Conscient de son erreur, le docteur Scoville en parle alors à un confrère. Ce dernier va envoyer à Hartford Brenda Milner, étudiante en neuroscience. "C'était un homme très aimable, très patient, toujours prêt à essayer ces tâches que je lui donnais", raconte le docteur Milner, devenue professeur de neurosciences cognitives à l'Université McGill de Montréal. "Et pourtant, chaque fois que je suis entrée dans la pièce, c'était comme si nous ne nous étions jamais rencontrés." Grace à plusieurs expériences, elle va établir les bases de toutes nos connaissances sur la mémoire. Le postulat de base va être confirmé : l'hippocampe joue un rôle décisif dans la mémoire. Surtout, elle va effectuer une expérience extraordinaire. Elle propose à Henry une page blanche avec une grande étoile dessinée dessus. Au sein même de cette étoile, la même figure, plus petite. Le but du jeu étant de dessiner une troisième étoile entre les deux autres, le tout en regardant le dessin dans un miroir où tout est évidemment inversé. N'importe qui aurait beaucoup de mal à réussir cet exercice du premier coup et Henry n'est pas meilleur qu'un autre. Mais à force de le répéter, il réussit son coup, sans jamais se rappeler des entraînements précédents. "Après de nombreux essais, il m'a dit : c'est plus facile que je ne le pensais" se souvient Brenda Milner. Elle vient de faire une découverte primordiale : la mémoire n'est pas uniforme, comme on le pensait, mais se divise au moins en deux. La première concerne les informations factuelles, comme les noms, les adresses… Henry ne s'en souvient pas. L'autre concerne les gestes moteurs, comme la faculté de marcher, faire du vélo ou de dessiner une forme. L'inconscient enregistre l'information et est capable de la retenir. Dans le cas d'Henry, cela montre que la mémoire procédurale (celle des gestes) n'est pas gérée dans l'hippocampe comme la mémoire déclarative (celle du langage).

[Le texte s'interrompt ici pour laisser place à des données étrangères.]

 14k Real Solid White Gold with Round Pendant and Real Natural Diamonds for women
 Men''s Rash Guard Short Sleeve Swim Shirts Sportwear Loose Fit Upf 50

Milner va aussi découvrir une autre forme de mémoire, celle à court terme. L'étudiante demande à son patient de retenir un nombre. 15 minutes après, il s'en souvient. En fait, il l'a répété dans sa tête continuellement, prouvant qu'il existe une mémoire à court terme et qu'elle n'a pas été affectée non plus.

Ces principes de mémoires différentes sont une révolution pour nos connaissances. Au fil des années, des dizaines voire des centaines de scientifiques vont rencontrer Henry, qui se pliera avec bonne volonté à tous les tests et questionnaires possibles, bien qu'il oublie les interlocuteurs et les questions au bout de quelques secondes. Aujourd'hui encore, les chercheurs tentent de savoir à quoi correspond son amnésie mais les dégâts étaient vastes dans son cerveau et, si le rôle de l'hippocampe est évident, d'autres zones touchées pourraient aussi être responsables de son trouble.

A parti des années 1980, Henry perd ses parents. Incapable de vivre en toute autonomie, il rejoindra une maison de santé où il finira pour mourir en 2008. Son cerveau, si précieux, est disséqué et découpé en 2401 en tranches très fines, désormais compressées entre deux plaques des verres chacune. En 2014, les scientifiques du Brain Observatory de San Diego publient les résultats de leurs recherches sur le cerveau d'Henry, montrant de nouvelles zones d'ombre concernant les parties impliquées dans la mémoire. 5 ans après son décès, Henry Molaison continue d'aider la science à comprendre ce qu'il se passait dans sa tête.